In the post-1Q26 results call, Zoomlion explained that the lack of growth in China’s market was due to the continuous shift of focus to overseas. On the margin side, Zoomlion attributed the gross margin contraction in 1Q26 to FX, which is a short-term impact as FX gains (related to the previous sales) will be recognized in the upcoming finance income. On the other hand, certain largesize product sales in overseas (such as tower cranes and crawler cranes) were only affected by capacity constraint, and therefore delivery of such products in 2Q26 will help both revenue and margin. We believe the overall growth potential in overseas remains attractive. We fine-tuned our earnings forecast in 2026E/27E by -2%/-3%. Our TPs for Zoomlion A/H are slightly reduced to RMB11.8/HK$9.1 (from RMB12.0/HK$9.2), based on unchanged 2026E target P/E multiple of 18.6x for A-share and 30% discount for H-share. Maintain BUY.

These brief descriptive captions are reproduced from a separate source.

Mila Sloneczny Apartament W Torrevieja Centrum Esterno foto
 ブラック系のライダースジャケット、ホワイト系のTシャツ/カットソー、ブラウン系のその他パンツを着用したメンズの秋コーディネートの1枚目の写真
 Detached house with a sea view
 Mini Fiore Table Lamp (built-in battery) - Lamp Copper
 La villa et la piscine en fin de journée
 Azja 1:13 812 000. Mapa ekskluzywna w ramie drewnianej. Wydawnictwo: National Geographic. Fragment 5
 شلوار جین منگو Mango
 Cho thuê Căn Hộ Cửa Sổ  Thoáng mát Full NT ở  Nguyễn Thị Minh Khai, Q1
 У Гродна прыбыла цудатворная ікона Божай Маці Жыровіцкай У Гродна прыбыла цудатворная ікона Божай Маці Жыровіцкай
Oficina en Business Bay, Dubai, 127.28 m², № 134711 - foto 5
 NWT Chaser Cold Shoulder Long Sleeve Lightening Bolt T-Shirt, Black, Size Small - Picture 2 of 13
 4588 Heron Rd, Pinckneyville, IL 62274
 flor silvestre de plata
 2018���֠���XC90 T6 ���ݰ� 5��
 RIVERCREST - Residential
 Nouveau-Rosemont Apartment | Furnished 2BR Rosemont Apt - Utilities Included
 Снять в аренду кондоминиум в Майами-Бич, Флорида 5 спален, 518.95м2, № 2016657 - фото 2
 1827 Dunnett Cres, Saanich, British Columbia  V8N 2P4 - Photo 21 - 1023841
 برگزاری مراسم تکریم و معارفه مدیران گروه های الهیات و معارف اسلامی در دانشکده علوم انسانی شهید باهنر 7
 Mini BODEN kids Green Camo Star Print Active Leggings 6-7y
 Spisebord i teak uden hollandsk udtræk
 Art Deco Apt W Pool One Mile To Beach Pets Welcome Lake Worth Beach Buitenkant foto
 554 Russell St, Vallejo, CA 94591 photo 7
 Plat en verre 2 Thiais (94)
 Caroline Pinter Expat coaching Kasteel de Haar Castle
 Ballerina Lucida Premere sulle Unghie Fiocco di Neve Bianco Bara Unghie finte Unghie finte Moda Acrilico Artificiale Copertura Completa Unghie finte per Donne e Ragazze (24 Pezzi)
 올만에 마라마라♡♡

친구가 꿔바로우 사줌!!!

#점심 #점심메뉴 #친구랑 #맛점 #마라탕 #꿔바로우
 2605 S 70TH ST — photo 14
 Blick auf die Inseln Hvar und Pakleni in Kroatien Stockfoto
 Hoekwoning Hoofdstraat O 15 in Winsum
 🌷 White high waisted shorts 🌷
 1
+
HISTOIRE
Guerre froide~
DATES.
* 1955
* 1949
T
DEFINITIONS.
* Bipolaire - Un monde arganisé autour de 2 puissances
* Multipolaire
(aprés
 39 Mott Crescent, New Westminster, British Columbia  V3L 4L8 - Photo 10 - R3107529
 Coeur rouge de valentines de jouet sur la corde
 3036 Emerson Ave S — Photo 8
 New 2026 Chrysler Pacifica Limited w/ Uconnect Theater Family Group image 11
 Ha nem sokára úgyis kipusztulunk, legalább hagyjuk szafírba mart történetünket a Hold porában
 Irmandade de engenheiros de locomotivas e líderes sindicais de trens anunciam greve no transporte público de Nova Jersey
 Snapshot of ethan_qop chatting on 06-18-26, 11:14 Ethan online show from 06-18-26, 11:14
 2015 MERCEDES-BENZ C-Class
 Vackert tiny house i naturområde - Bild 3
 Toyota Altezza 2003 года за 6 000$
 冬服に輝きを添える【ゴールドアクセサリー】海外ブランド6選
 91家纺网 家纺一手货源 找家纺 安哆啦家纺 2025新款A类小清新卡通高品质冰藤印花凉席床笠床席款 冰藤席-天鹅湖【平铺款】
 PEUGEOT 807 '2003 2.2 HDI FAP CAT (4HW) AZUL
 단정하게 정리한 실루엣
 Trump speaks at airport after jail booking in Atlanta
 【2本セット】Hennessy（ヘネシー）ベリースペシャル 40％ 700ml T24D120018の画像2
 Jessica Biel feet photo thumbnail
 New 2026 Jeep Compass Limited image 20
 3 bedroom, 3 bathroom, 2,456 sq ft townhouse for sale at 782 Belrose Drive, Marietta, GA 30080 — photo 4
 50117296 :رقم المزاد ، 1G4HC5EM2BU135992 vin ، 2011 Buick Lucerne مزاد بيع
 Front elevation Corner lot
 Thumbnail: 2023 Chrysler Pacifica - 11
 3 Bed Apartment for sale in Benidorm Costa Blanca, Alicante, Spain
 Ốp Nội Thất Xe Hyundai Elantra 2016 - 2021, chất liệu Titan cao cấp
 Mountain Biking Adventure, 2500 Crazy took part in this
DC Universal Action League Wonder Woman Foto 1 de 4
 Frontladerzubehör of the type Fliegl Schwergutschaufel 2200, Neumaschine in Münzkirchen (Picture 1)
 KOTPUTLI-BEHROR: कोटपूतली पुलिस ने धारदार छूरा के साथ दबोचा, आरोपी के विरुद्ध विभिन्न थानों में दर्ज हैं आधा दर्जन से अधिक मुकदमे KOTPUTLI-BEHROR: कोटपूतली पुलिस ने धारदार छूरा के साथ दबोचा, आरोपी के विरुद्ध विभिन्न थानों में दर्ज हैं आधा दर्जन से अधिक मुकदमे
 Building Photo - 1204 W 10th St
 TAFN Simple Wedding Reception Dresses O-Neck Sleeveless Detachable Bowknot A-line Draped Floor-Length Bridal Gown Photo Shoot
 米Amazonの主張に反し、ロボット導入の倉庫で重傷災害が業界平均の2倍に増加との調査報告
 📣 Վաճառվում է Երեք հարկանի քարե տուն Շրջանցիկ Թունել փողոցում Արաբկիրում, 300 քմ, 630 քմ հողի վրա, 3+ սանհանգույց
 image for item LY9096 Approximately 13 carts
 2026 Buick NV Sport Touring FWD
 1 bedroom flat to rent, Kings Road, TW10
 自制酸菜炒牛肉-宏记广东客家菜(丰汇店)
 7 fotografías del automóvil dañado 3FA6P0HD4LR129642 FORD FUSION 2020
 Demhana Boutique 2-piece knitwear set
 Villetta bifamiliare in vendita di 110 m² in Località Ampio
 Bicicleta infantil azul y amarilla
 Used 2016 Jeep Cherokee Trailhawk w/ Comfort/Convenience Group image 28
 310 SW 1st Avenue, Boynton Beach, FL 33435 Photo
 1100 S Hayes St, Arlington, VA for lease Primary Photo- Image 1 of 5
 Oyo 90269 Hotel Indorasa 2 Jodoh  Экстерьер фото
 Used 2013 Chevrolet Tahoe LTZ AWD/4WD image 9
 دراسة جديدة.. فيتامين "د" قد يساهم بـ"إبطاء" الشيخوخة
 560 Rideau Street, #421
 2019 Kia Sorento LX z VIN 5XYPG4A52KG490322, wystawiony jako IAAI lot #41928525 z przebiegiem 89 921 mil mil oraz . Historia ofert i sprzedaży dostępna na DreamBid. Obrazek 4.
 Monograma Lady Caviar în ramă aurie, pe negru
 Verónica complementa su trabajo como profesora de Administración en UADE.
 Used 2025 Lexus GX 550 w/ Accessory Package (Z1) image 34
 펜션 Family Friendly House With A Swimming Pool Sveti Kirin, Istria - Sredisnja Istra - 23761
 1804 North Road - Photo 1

1Q26 earnings highlight. Revenue in 1Q26 grew 7% YoY to RMB12.9bn, as the lack of growth in China offset the growth in overseas (+13% YoY to RMB7.4bn). Overseas revenue accounted for 57% of total revenue in 1Q26, slightly down from 61.5% in 4Q25. Blended gross margin contracted 1ppt YoY to 27.7%. Given the lack of disposal gain in 1Q26 (RMB558mn in 1Q25), EBIT dropped 29% YoY to RMB1bn. Net profit declined 37% YoY to RMB884mn, due to FX loss arising from the appreciation of RMB.
Capex plan in 2026: Zoomlion expects the capex will be similar to that in 2025. Key investment areas include capacity for mining machinery and agricultural machinery.
Key risks: (1) weaker-than-expected demand in China; (2) slowdown in overseas growth.